## WHAT THE TASK REQUIRES:
Print the lines below from the line with "Property image 3" to the line with "Sixth view of" exactly, keeping both ends, and print no pictures.

## RECORDS PROVIDED:
▬▬▬

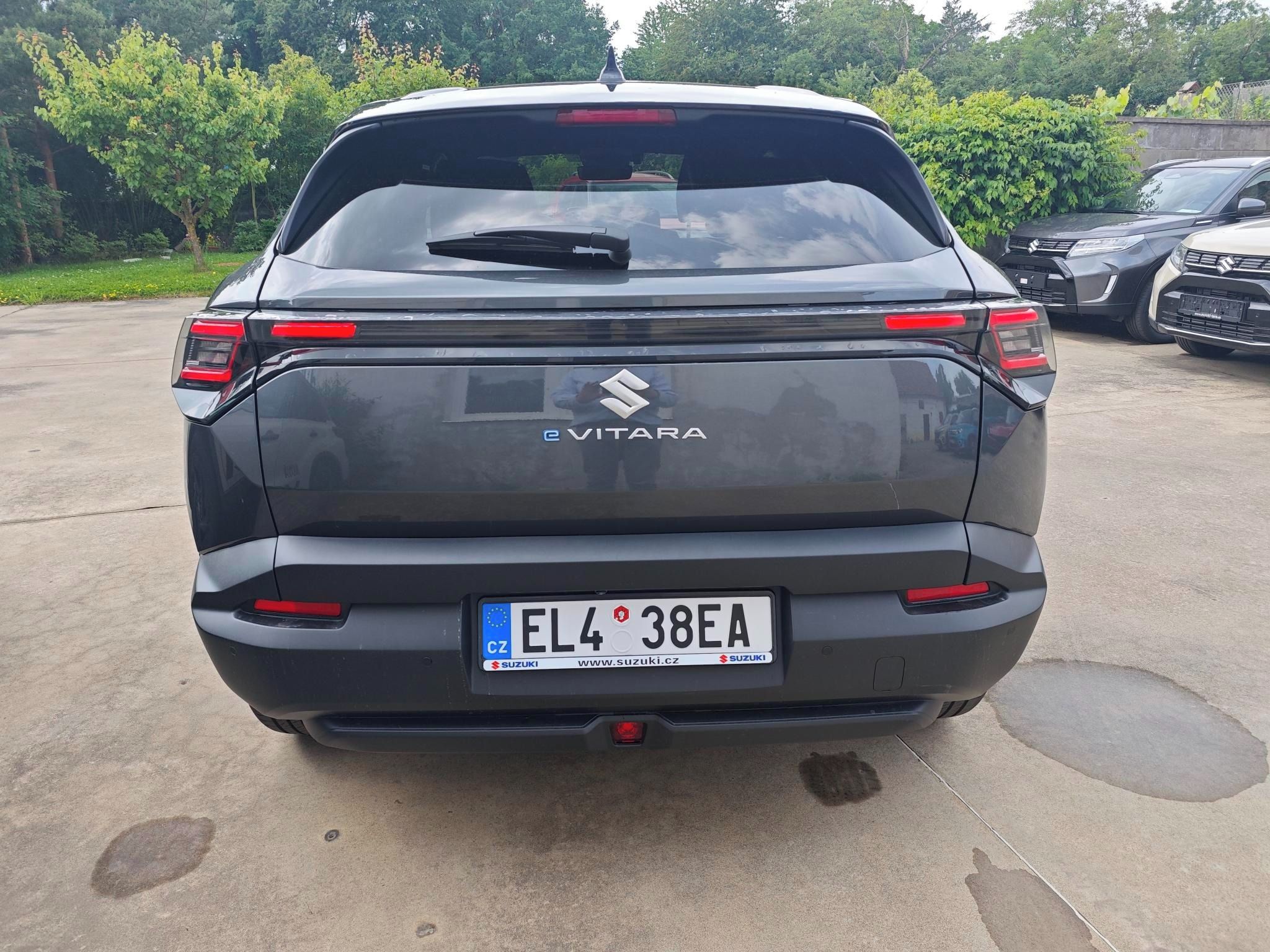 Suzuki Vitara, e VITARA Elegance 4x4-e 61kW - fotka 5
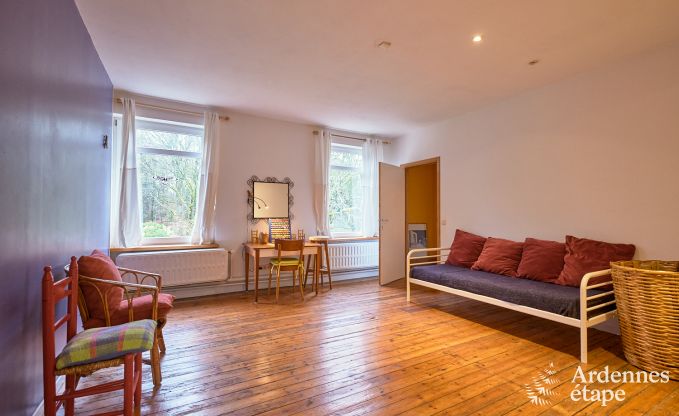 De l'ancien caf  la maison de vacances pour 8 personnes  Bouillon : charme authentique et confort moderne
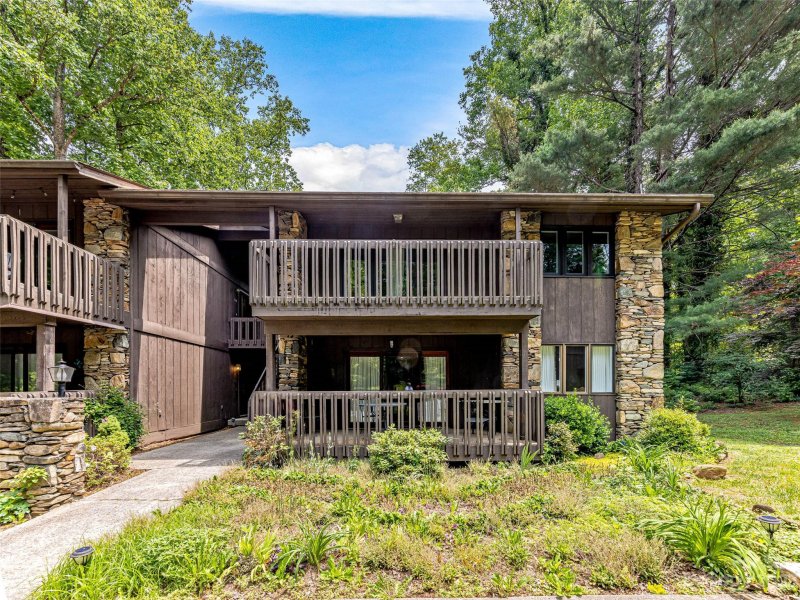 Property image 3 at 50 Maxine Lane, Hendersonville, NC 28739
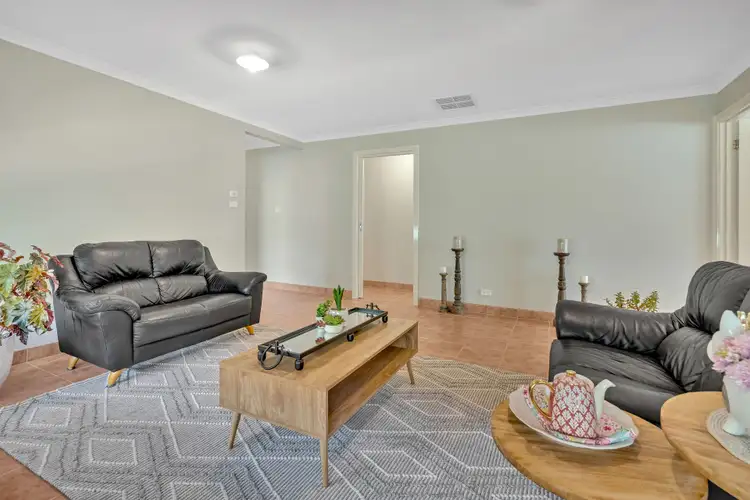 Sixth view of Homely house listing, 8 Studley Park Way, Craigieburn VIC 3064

▬▬▬

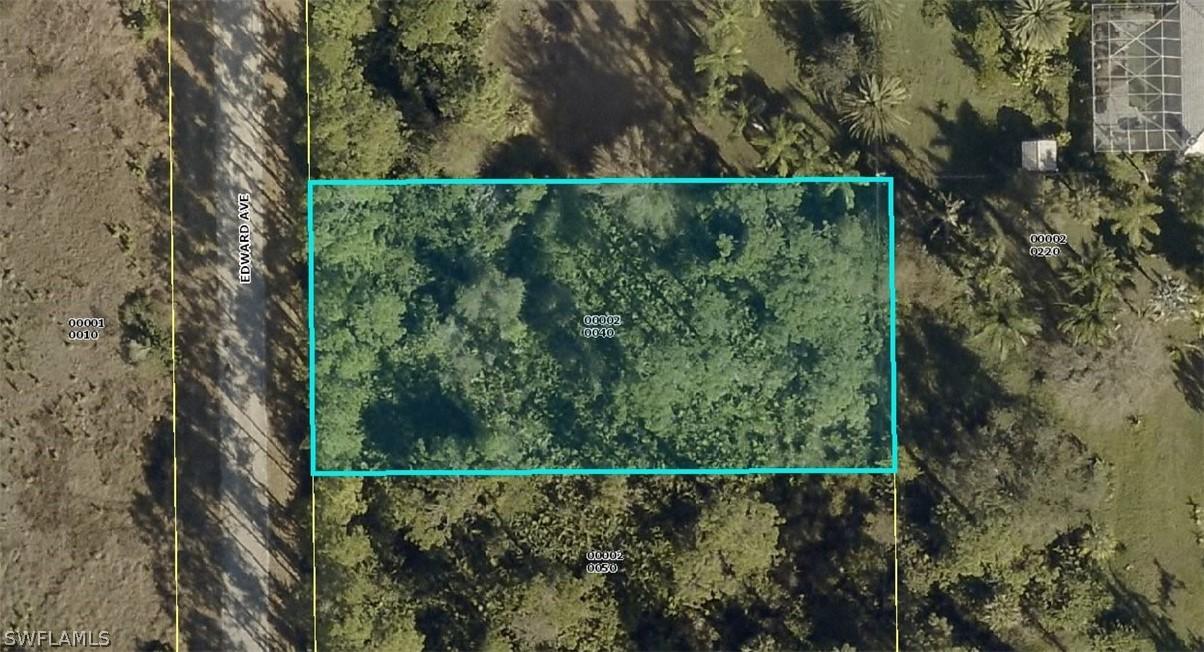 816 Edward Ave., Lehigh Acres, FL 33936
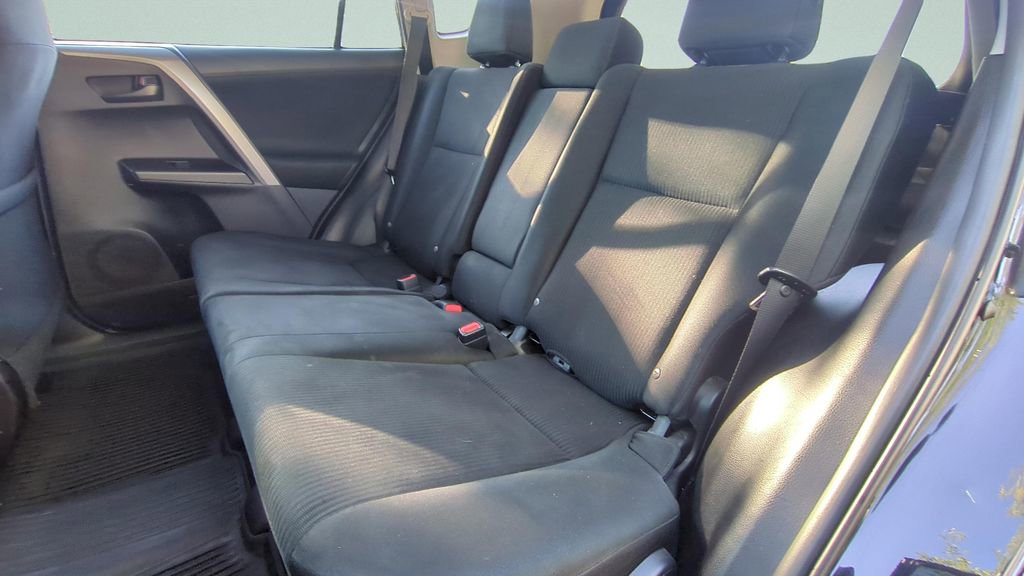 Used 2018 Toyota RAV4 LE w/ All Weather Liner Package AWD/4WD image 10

▬▬▬

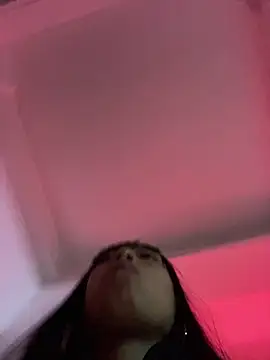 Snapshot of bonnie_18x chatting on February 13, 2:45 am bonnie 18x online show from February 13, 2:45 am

▬▬▬

## ANSWER SPACE:
 Property image 3 at 50 Maxine Lane, Hendersonville, NC 28739
 Sixth view of Homely house listing, 8 Studley Park Way, Craigieburn VIC 3064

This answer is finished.